SDSU announced on Sunday that Jeff Hecklinski was relieved of his offensive coordinator and quarterbacks coach duties. Two causes stand out when trying to narrow down the reasons for his dismissal. Inside and outside of the locker room, Hecklinski overpromised and underdelivered. In press conferences and in person, he would speak of averaging over 40 points a contest and spreading the ball around the field. When neither of these came about, confidence in his ability to deliver these results waned.
On paper, Hecklinski’s system gave all the right answers, but his designs rarely translated to the field because he failed to develop quarterbacks who could run it. Extenuating circumstances from Covid-19 to the makeup of the QB room he inherited to the new realities of the transfer portal could excuse some of the mishaps. As the poor performances continued, the reasons began to sound more like excuses. In the end, the regression of the passing game cost Hecklinski his job.
San Diego State Defense
For all the drama surrounding the offense, SDSU’s defense has been bad in 2022. The Aztecs rank 95th in the country in total defense (404.6 yards per game) and 74th in scoring defense (25.8 points per game). A clear pattern has developed. Against FBS opponents, when opposing offenses find a weakness, the Aztecs are unable to counter it.

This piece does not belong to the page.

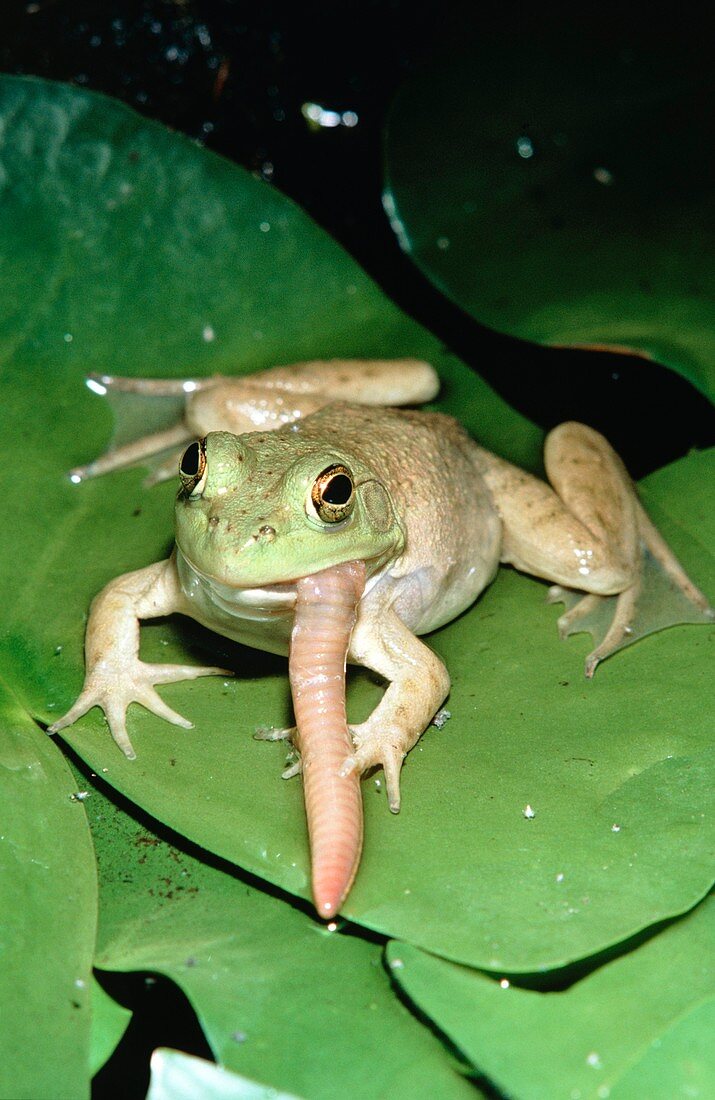 Bullfrog eating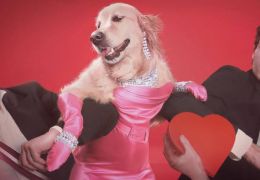 Instagram faz sucesso com cachorro replicando poses de Madonna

Arizona scored on five of its first seven possessions, with turnovers the only way SDSU got the Wildcats off the field during that stretch. After holding Utah on their four opening possessions, the Utes reeled off five straight touchdown drives. This past week against Boise State, the defense shut the Broncos out in the first half before allowing touchdowns on five of six series to start the second half. Even the defense’s best outing against Toledo had consecutive scoring possessions at the end of the game. Given this pattern, the Rockets likely did not find success earlier only because their backup QB played most of the third quarter.
Friday’s contest was particularly eye-opening. The Broncos took a page out of Hecklinski’s playbook. After passing 19 times in the first half, BSU’s new offensive coordinator called four passes the rest of the game. Like the Aztecs did frequently in 2021, Boise State won without throwing the ball. If the trend continues, it will be interesting to see if Bronco Nation will enjoy boring, winning football longer than Aztec Nation did.
One thing is clear for SDSU moving forward; they need to find a new recipe for success. In 2021, they rode the strength of their defense and special teams. Kurt Mattix’ defense is not strong enough this season to duplicate that pattern.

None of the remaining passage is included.